Gomie with granddaughter and great-granddaughter a few Christmases ago |
The room began to fill with bits of red and green, decorations long-beloved and brought out Christmas after Christmas, with memories and stories to tell like old-time friends.
And as we sat and rolled candy to share with loved ones, my sister started to cry.
She was missing Gomie.
Two Christmases ago, she and I still had three of our grandparents. This year, we only have one. And while we know Gramps and Gomie will have a wonderful celebration with the angels and the One whose birth we’re celebrating Himself, we miss them.
It was so easy, last night, to picture Gomie sitting there in her rocking white easy chair, bundled in her pink robe, fingering ornaments, paging through Christmas picture books—she became more and more childlike as her dementia grew—asking the same questions over and over again, requesting another of the “roly-poly” candies, as she called them—we had to start hiding them lest she make herself sick.

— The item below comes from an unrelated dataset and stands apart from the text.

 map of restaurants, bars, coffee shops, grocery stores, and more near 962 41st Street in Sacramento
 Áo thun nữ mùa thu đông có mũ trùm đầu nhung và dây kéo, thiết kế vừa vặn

And this year, she just isn’t here.
Gramps and my sister picking blackberries |
I know it will still be a lovely Christmas, with the four of us, our other family members, and those friends-like-family the Lord has given us. And above all, Immanuel Himself. He is with us—and He is with our loved ones in heaven too, Gomie, and Gramps, and Poppa who went much longer ago, and our little siblings who went to Jesus’s arms so tiny. How lovely, how awesome, that His presence is one thing we all still share.
I think of something a friend wrote once, that reminded me that while the empty chairs here on earth can so ache our hearts at holiday tables, there are also empty seats in heaven beside our loved ones, waiting for us.
Death and parting are not for forever, when we know Jesus. Someday we will all be together again, and truly home, with no more empty chairs.